+ By Brenda Wintrode
Julia Gibb leans against a white wall near the hors d’oeuvre table in the small back room of a Maryland Avenue art gallery. Three guests form a half circle around the artist and cofounder of Future History Now (FHN), an art education nonprofit dedicated to including underserved youth in public art projects. Visitors have already seen her husband, street muralist and FHN cofounder Jeff Huntington, in the front room surrounded by the works of his first solo gallery show in Annapolis since moving here 17 years ago. Tonight, their expansive creative life aligns with the pragmatic; Huntington’s works are for sale. The humble, art-filled life the couple shares does not pay for itself.
Lighthearted buzz and social banter fill the bright space. The couple’s friends and colleagues and businesspeople arrive to show support. Politicians and the politically connected familiar with FHN’s work enhancing the city’s walls have stopped by. A hired guitarist and vocalist fills what little space remains with samba music, and the room is getting smaller. Gibb heads toward the door for a breath of air.
The pair just completed their thirteenth Annapolis FHN mural this summer with children from the Stanton Center. The projects expose children to the planning, problem solving, and process of installing street art. The Calvert Street mural honors St. Anne’s Cemetery and the location of the old Star Theater, the city’s only African American movie theater during segregation. It also marks the area where a group of African American-owned businesses once flourished. Gibb took inspiration from the seventeenth-century Dutch masters who painted “vanitas” style, a still life genre that celebrates living things while acknowledging the inevitability of death. The Stanton Center children painted colorful native flowers to balance the black-and-white images of the disappeared historical elements.
“Star Theater, to me, is about educating the community that there was a thriving culture there. It’s something to be proud of, and, for the older people in the community, maybe a little bit of healing to recognize that this amazing thing was here,” says Gibb.
FHN researched the story of the theater site with a city historian and community stakeholders before wetting a brush. Huntington never wants to create what he calls “plop art.” “We want to engage the community and approach it in a mindful way so that the community can properly have ownership or some stake in it, as opposed to a famous street artist flying in— plop—doing a six-figure mural, and leaving,” he says. He adds that those murals are the first to get tagged with graffiti.

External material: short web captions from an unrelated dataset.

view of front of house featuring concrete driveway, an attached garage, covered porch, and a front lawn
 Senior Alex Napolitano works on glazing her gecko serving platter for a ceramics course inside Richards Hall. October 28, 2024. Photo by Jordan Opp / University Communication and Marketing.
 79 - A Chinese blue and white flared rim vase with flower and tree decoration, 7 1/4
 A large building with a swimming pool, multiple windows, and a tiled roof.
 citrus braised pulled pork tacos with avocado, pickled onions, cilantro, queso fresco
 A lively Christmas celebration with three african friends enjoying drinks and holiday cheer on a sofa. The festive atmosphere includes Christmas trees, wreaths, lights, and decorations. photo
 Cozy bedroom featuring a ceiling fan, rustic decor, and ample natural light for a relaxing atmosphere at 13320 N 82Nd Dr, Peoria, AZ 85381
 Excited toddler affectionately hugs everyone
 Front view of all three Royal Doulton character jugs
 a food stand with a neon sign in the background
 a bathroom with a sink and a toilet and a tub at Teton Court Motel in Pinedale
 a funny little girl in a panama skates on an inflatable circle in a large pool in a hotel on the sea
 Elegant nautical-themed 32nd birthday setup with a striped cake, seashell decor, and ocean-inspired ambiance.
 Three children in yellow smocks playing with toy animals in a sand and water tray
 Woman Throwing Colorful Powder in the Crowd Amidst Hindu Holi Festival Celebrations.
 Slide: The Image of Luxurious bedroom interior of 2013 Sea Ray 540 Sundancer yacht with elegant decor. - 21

FHN board member Mike Paredes believes everyone in the community deserves to have art in their lives. “Art is not something just for the elite, but rather, a necessity,” he says. Huntington recalls painting boarded windows and doors with children from Newtowne 20 and Woodside Gardens in a section of Newtowne 20 that functions as a play yard. “One afternoon, with their participation, with them doing most of the work, it went from looking like Beirut to looking like this outdoor community gallery,” Huntington says. “Because Annapolis is so preserved, it might feel to people like there’ s not a way to make their own presence known, to actually leave a mark on the city,” says Gibb. “Murals are a nice way of literally letting someone make a mark.”
As much as she appreciates everyone coming to Huntington’s show, anyone who knows Gibb understands that she prefers the solitude of the couple’s cottage to a crowd, the company of her cats to admirers, and the serenity of her flower and vegetable gardens to a glamorous night downtown being in the center of what some might consider an enviable scene.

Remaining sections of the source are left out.